LifeBridge Health has agreed to a $575,000 class action settlement to resolve claims stemming from a November 2024 data breach.

What happened

Baltimore-area health system LifeBridge Health Inc. has reached a $575,000 class action settlement with patients whose personal information may have been exposed in a cybersecurity incident disclosed last year. The settlement offers eligible members cash payments up to $5,000 for documented losses.

The backstory

In November 2024, LifeBridge Health notified patients that an unauthorized third party had gained access to its computer systems in a cybersecurity incident detected by the organization. Internal and third-party investigations found that sensitive personal information, such as names, dates of birth, medical record numbers, addresses, Social Security numbers, and, in some cases, limited treatment or insurance information, may have been accessed by the attacker.

The breach was later linked to a breach at a third-party electronic health records vendor, Oracle Health/Cerner.

Going deeper

Under the settlement terms, a $575,000 fund has been established to provide cash payments to eligible class members and to cover notice and administration costs, attorneys’ fees, and service awards for class representatives. Affected individuals may submit a claim for reimbursement of documented out-of-pocket losses of up to $5,000, with supporting evidence, or opt for a flat pro rata cash payment of approximately $100, without documentation.

In addition to the financial relief, LifeBridge has agreed to implement enhanced cybersecurity measures designed to strengthen system protections and reduce the risk of similar incidents in the future.

What was said

In the settlement documents, LifeBridge Health makes clear that it “denies any wrongdoing whatsoever” in connection with the November 2024 data incident and that “the Court has not ruled that Defendant did anything wrong,” emphasizing that agreeing to resolve the lawsuit does not mean the health system admits liability.

The official notice states that LifeBridge and the plaintiffs agreed to a settlement “to avoid the expense, delay, and uncertainty of continued litigation,” even though the company maintains it would have defended its practices at trial.

The settlement agreement itself reaffirms the core terms, noting that LifeBridge will establish the $575,000 fund to cover class members’ benefits along with costs, fees, and service awards, and that all Settlement Class Members will be eligible to recover compensation for documented losses as well as a flat cash payment.

The bigger picture

Class action lawsuits against healthcare providers over data breaches have become increasingly common as cyberattacks target medical records, which contain rich personal and protected health information (PHI). LifeBridge Health is one of several U.S. health systems to settle such claims in recent years. Previous litigation involving the system included a separate long-running lawsuit over a 2018 breach that led to a $9.5 million settlement, with millions spent on security improvements and patient reimbursement.

Just recently, Carespring Health Care Management agreed to settle a class action lawsuit concerning a data breach that, in October 2023, compromised the sensitive personal and medical information of 76,719 patients and residents.

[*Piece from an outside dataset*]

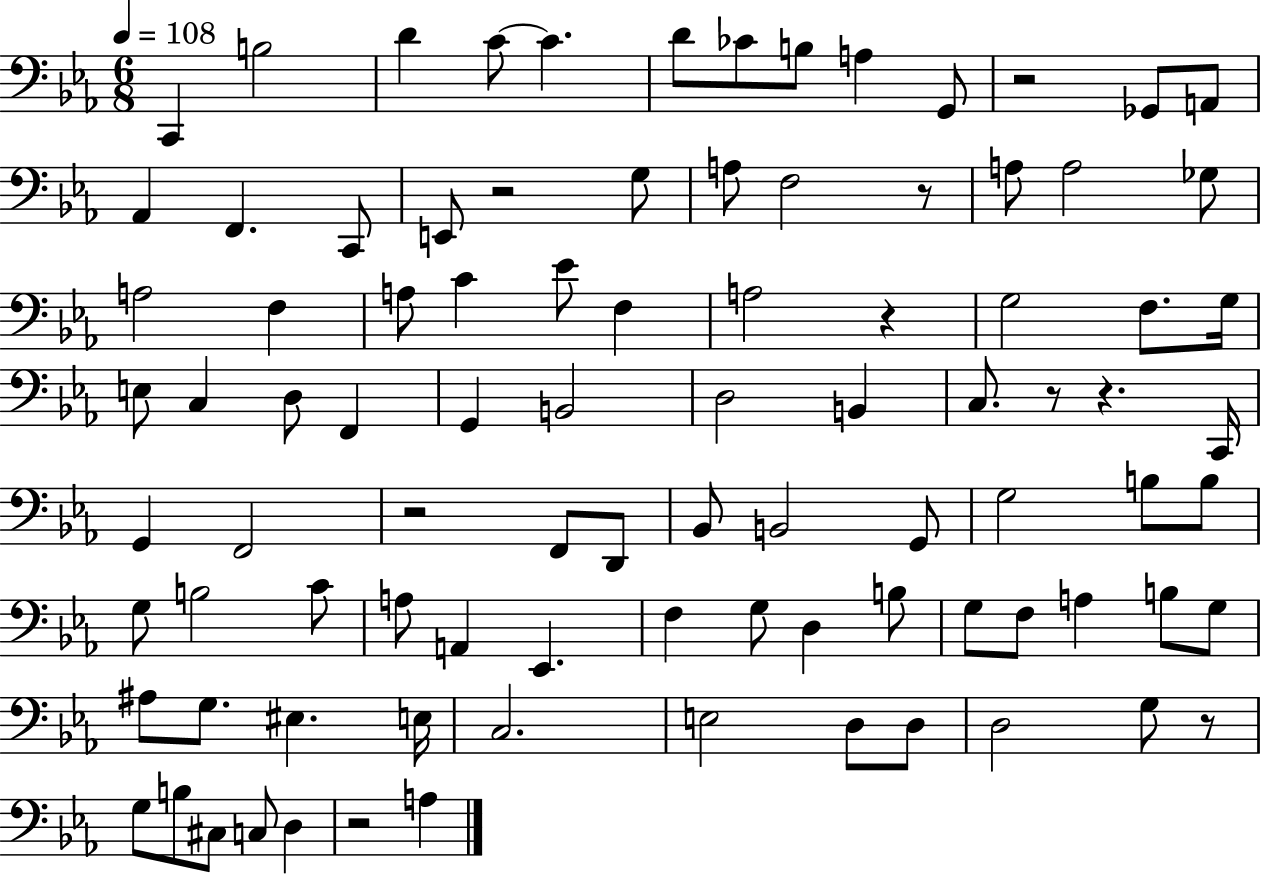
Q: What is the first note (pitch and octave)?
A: C2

See also: HIPAA Compliant Email: The Definitive Guide (2026 Update)

FAQS

What regulatory implications can arise from incidents like this?

Healthcare data breaches can trigger investigations under HIPAA and state privacy laws, along with potential reporting obligations to federal and state authorities. Even when resolved through civil litigation, organizations may face parallel regulatory scrutiny.

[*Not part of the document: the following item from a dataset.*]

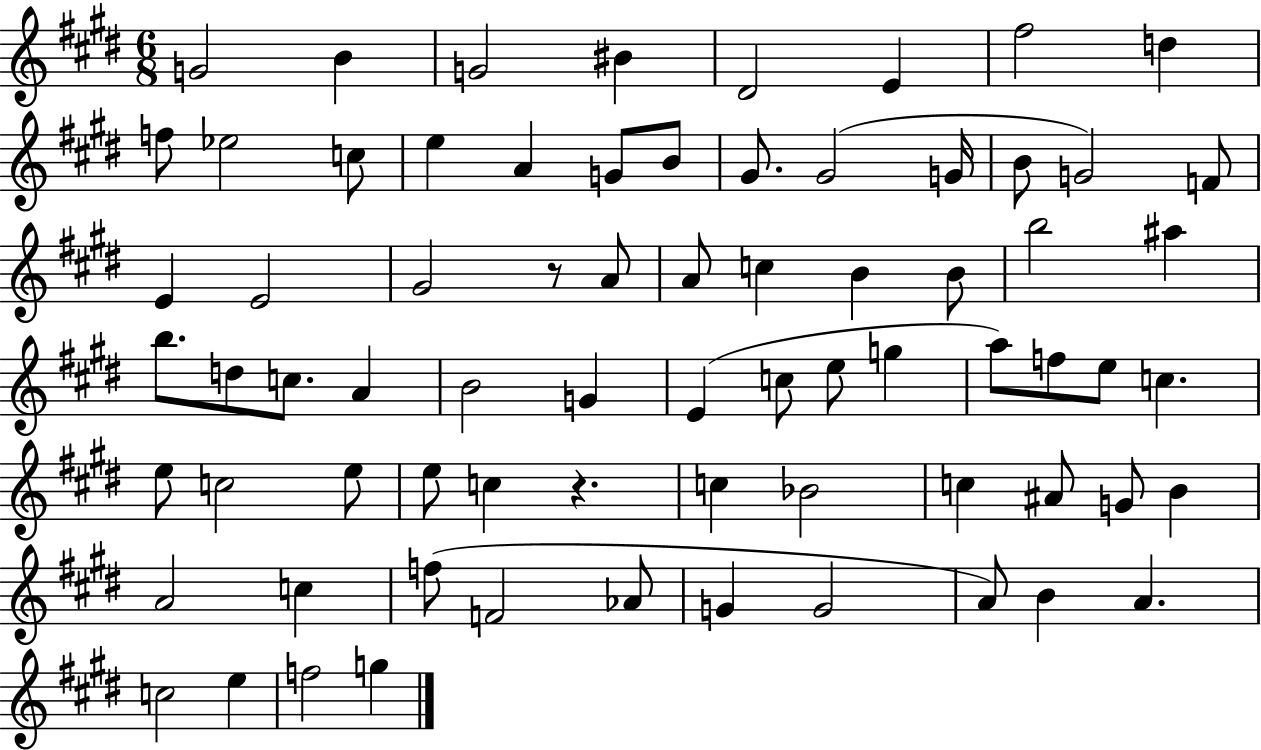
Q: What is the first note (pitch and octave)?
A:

What financial risks extend beyond the settlement amount?

Total breach costs typically include forensic investigations, legal defense, regulatory response, patient notification, credit monitoring services, system remediation, business interruption, and reputational harm, often far exceeding the settlement fund itself.

Does a denial of wrongdoing reduce reputational risk?

Not necessarily. While legal denial protects against liability admission, public perception often centers on whether patient data was exposed and how effectively leadership responded.